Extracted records
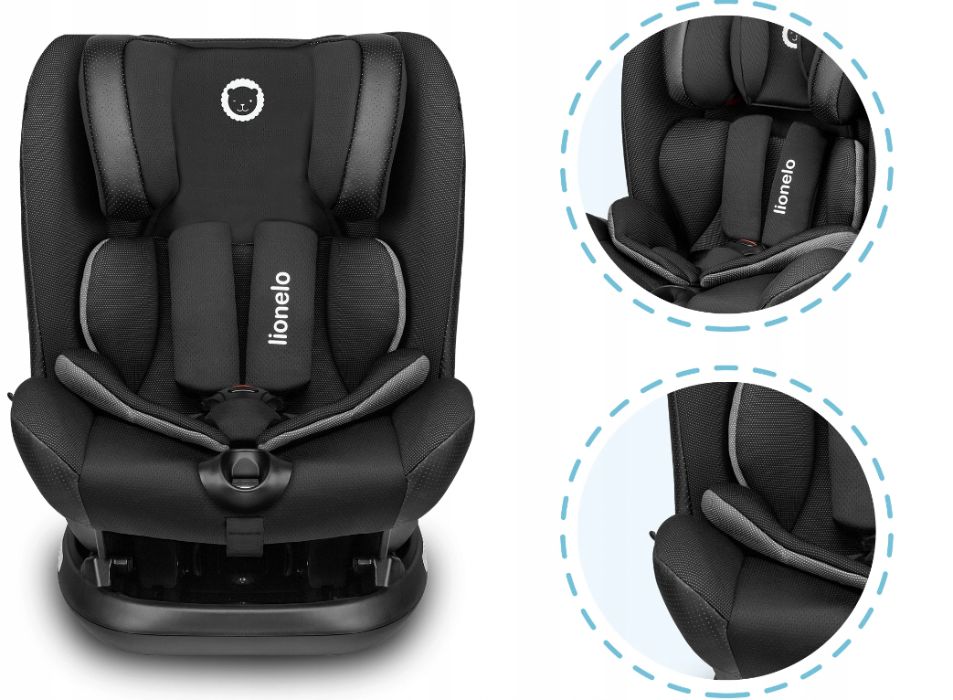 Fotelik samochodowy Lionelo OLIVER Isofix lub pasy 9-36 kg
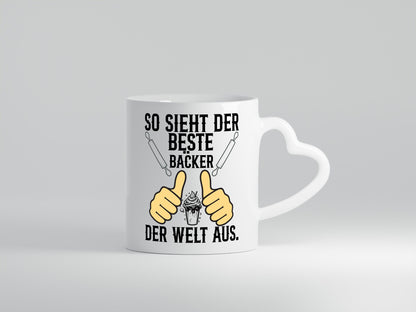 So sieht der beste Bäcker Welt aus | Meister Humor Geschenkidee Tasse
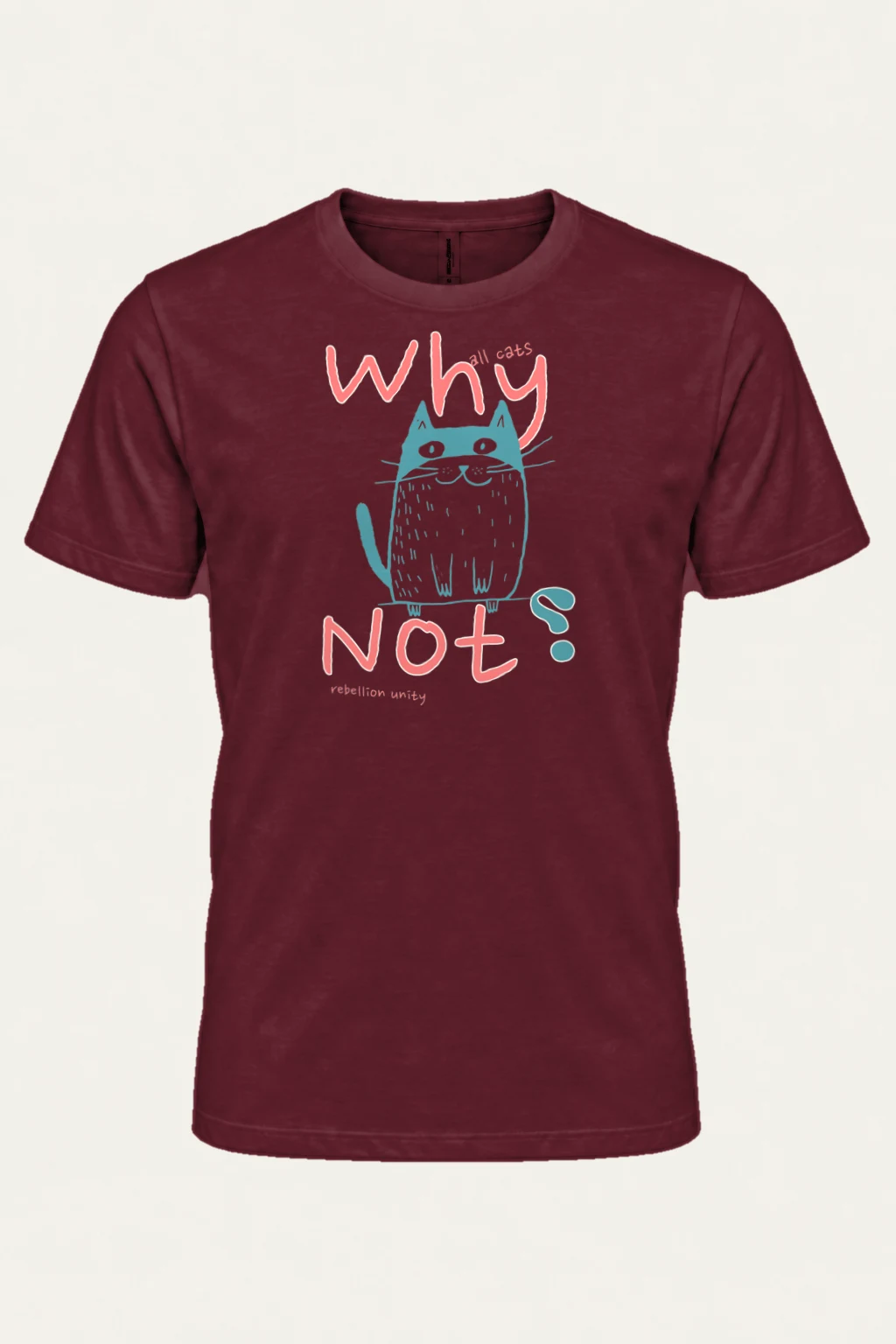 "Why All Cats" Heavyweight Unisex Crewneck T-shirt | Gildan 5000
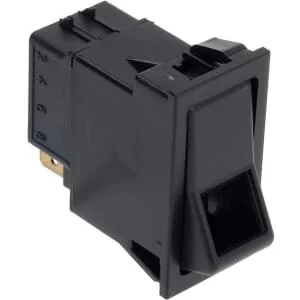 Kramp - SW10061KR - Wippschalter, II+I-0, Aus-Ein-Ein, 5-Pin, Funktionsbeleuchtung, Mit Glühlampe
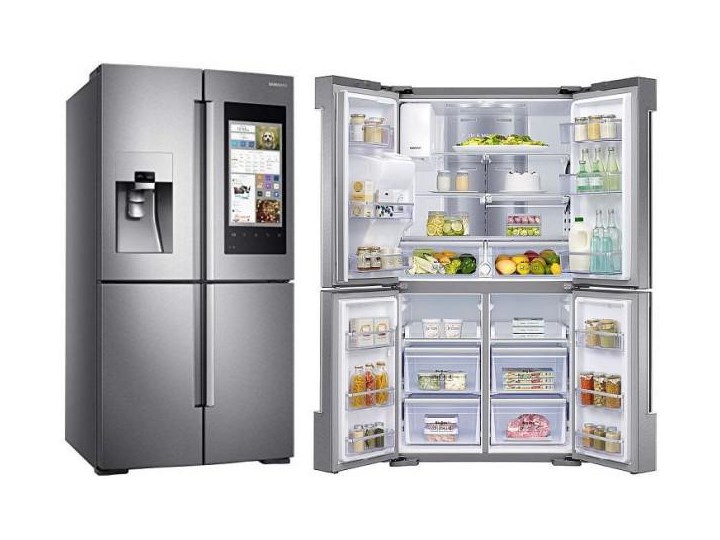 SAMSUNG FAMILY HUB RF56M9540SR Kostkarka Wysokość 182,5 cm Położenie zamrażalnika Na dole Szerokość 90,8 cm Dwudrzwiowe Kategoria Lodówki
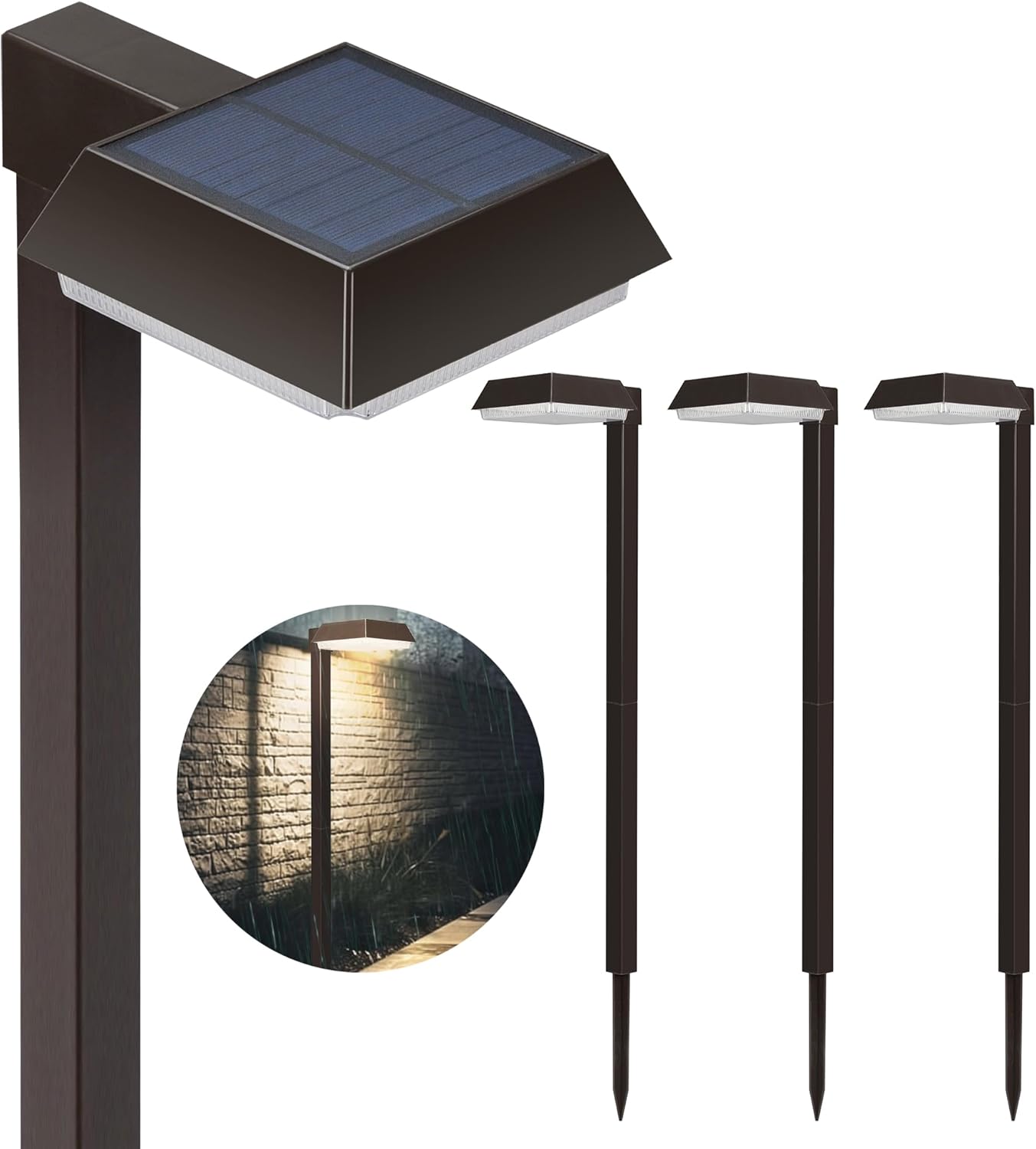 Bobcat Solar Pathway Lights Super Bright 300 Lumens for Outdoors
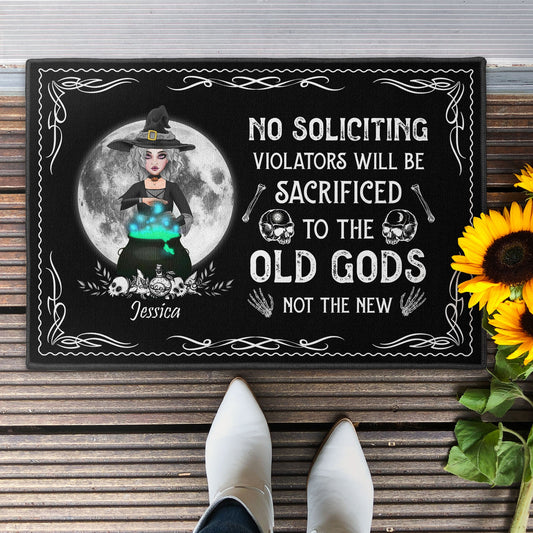 No Soliciting - Personalized Doormat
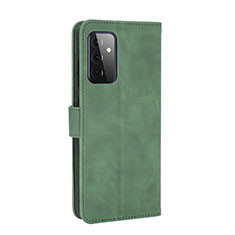 Coque Portefeuille Livre Cuir Etui Clapet L12Z pour Samsung Galaxy A72 4G Vert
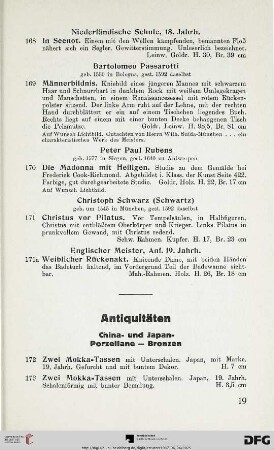 Antiquitäten (Nr. 172-564)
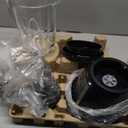 Hamilton Beach Power Elite Wave Action Blender For Smoothies, 40 Oz Glass Jar, 12 Functions Including Puree, Crush Ice, 700 Watts - Black (58148A)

→ How to complete this task:
Retype the line containing "Bobcat Solar Pathway" and each line after it through the last line of the entries above, exactly, with no pictures and nothing else.

→ The answer:
 Bobcat Solar Pathway Lights Super Bright 300 Lumens for Outdoors
 No Soliciting - Personalized Doormat
 Coque Portefeuille Livre Cuir Etui Clapet L12Z pour Samsung Galaxy A72 4G Vert
 Antiquitäten (Nr. 172-564)
 Hamilton Beach Power Elite Wave Action Blender For Smoothies, 40 Oz Glass Jar, 12 Functions Including Puree, Crush Ice, 700 Watts - Black (58148A)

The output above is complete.